Prosthetic eyes; Technology in healthcare; Maxillofacial prosthesis; Artificial eyes.


A focus on addressing the needs of the patient has resulted in the incorporation of technology in modern healthcare becoming increasingly widespread [1]. Healthcare interventions are often complex consisting of various components that may act both independently and inter-dependently [2]. It is important to understand the requirements of those involved with the product (the patient, their families and the health professionals) to ensure effectiveness, thus increasing success rate and limiting the need for modifications [2-4]. The end product not only needs to be functional, but also aesthetically pleasing and fit into the working and living pattern of the patient [3]. Although this knowledge creates greater insight for the developers, requirements often change over time and factors that were once important to a patient may have been forgotten or have changed, thus not all needs will be met [5].

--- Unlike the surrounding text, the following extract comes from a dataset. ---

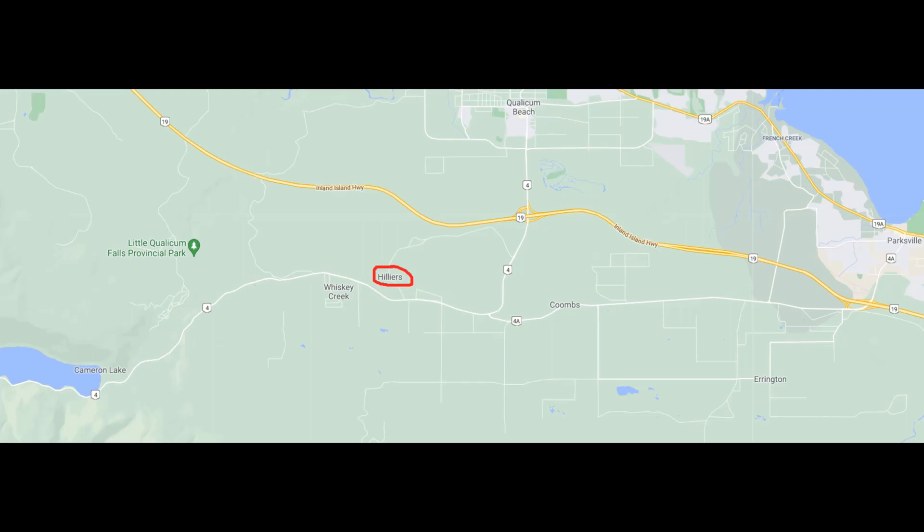There's Hilliers Road — that is my starting point. It's a level crossing, I think it's mile 7.7 on the Port Alberni subdivision. My turnaround point is right around there — it's past Whiskey Creek, it's Little Qualicum Falls Park Road. And that's mile 10.3.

High demand healthcare needs such as heart related conditions and diabetes often attract investment and funding allowing for significant technological advancement. Examples of this include an electronic stent for the heart, an artificial pancreas and 3D printed biological materials [6]. With reduced resources, research and development in small healthcare sectors is often slow, sometimes remaining stagnant for a number of years. With changing patient expectations, products produced in these fields can result in reduced patient outcomes and satisfaction [1, 3].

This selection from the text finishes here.